**Task details:**
From the line containing "2000s Unfledged ribs" to the end of the records below, both included, every line should be repeated exactly; pictures should be dropped.

┌──

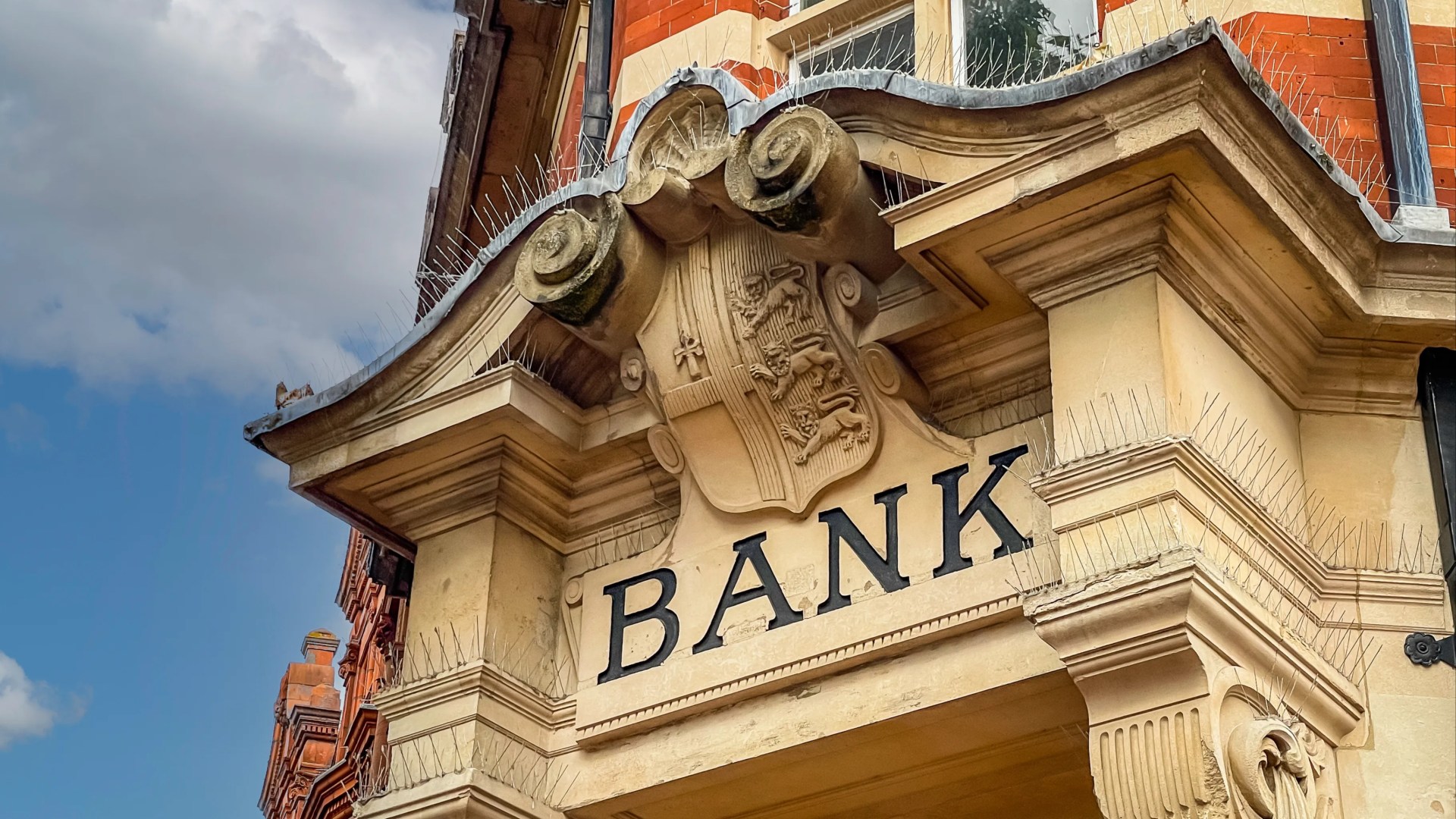 High street bank to axe lifeline service for ALL customers - what it means for your money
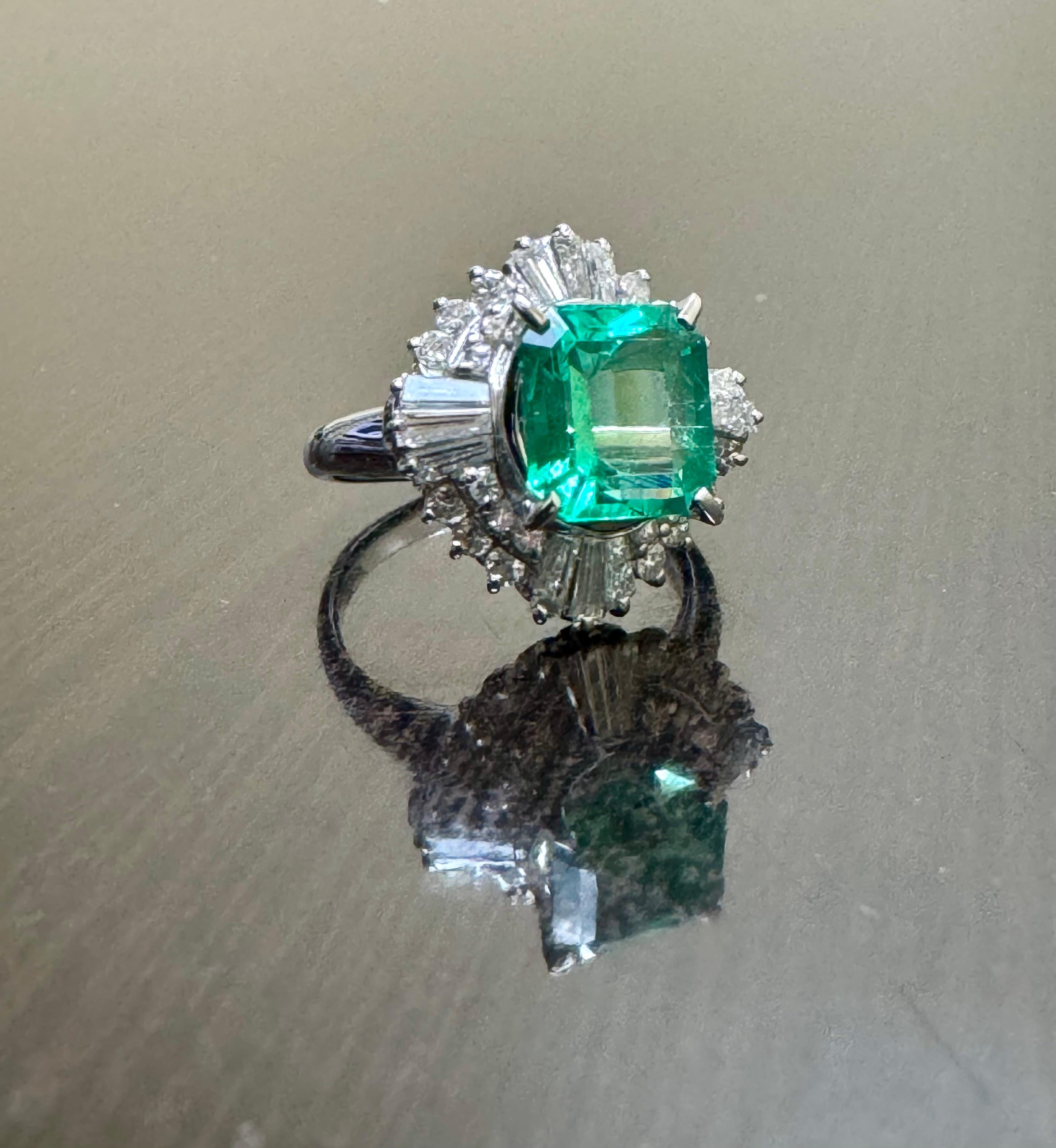 Bague de fiançailles Art déco en platine, diamant baguette 2,58 carats, émeraude de Colombie en vente 3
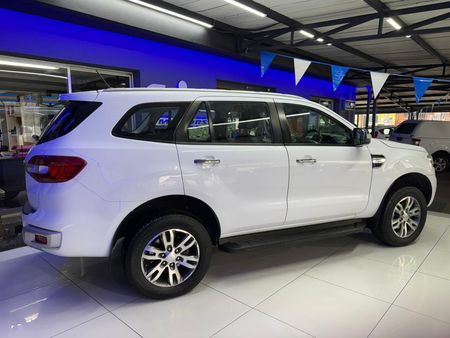 2019-Ford-Everest-22-TDCi-XLT-Auto_5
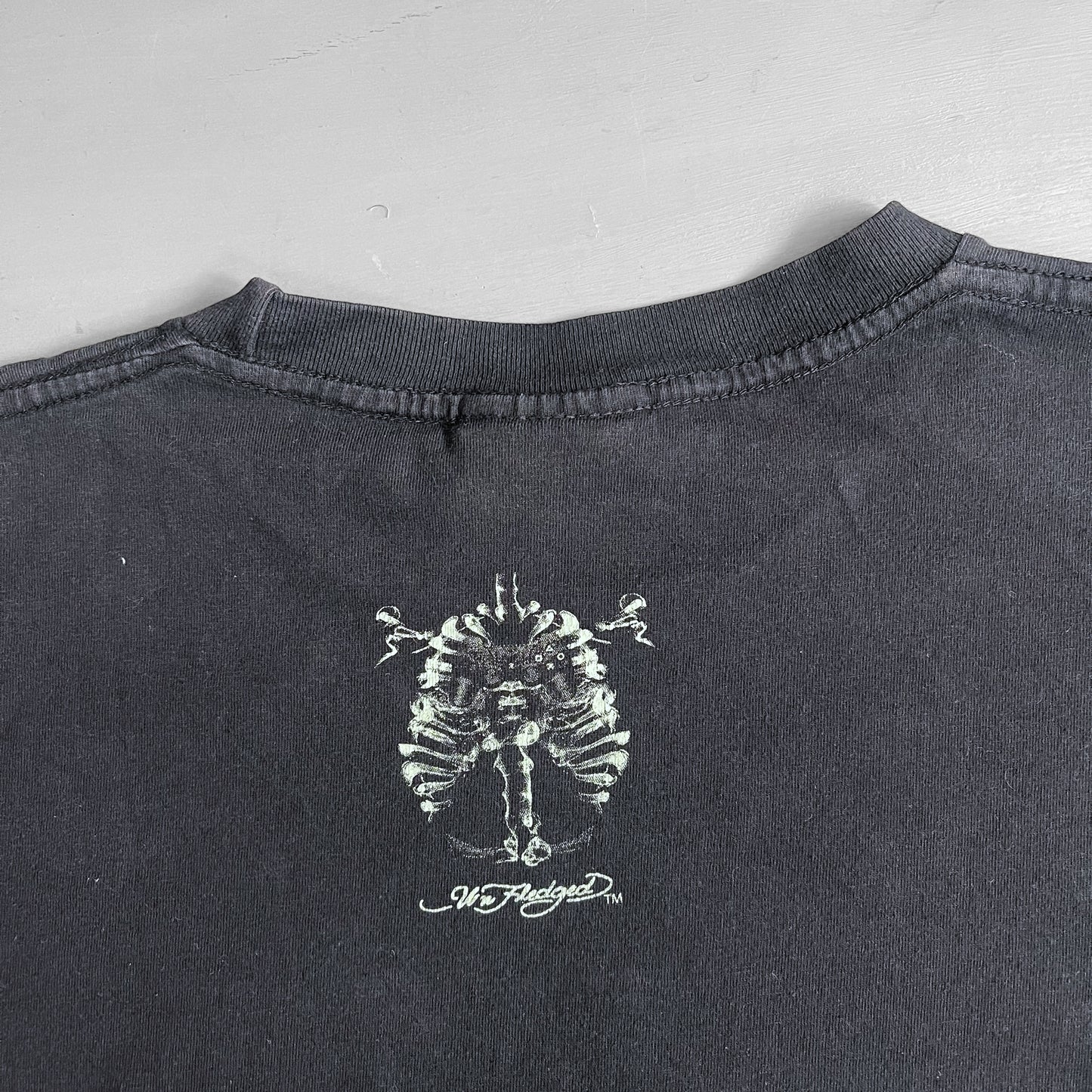 2000s Unfledged ribs PlayStation T-shirt (S/M)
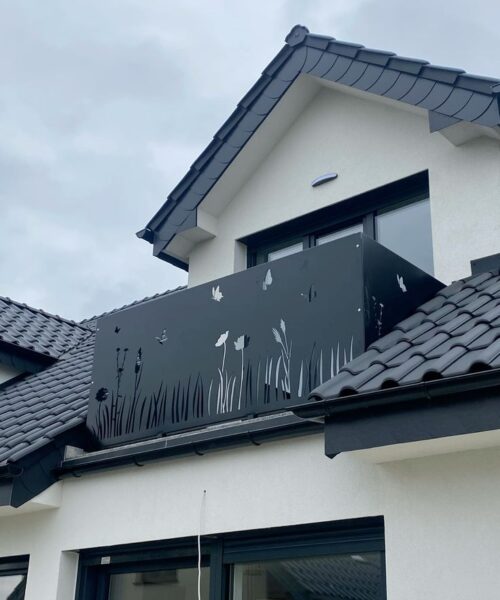 Nowoczesna czarna balustrada balkonowa CNC z motywem motyli i traw, stalowe panele malowane proszkowo na wymiar, elegancki detal na tle białego domu, Butterfly Balcony Railing, Laser Cut Steel, Balkongeländer Schmetterling, Schwarz Matt.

└──

**Exercise solution:**
 2000s Unfledged ribs PlayStation T-shirt (S/M)
 Nowoczesna czarna balustrada balkonowa CNC z motywem motyli i traw, stalowe panele malowane proszkowo na wymiar, elegancki detal na tle białego domu, Butterfly Balcony Railing, Laser Cut Steel, Balkongeländer Schmetterling, Schwarz Matt.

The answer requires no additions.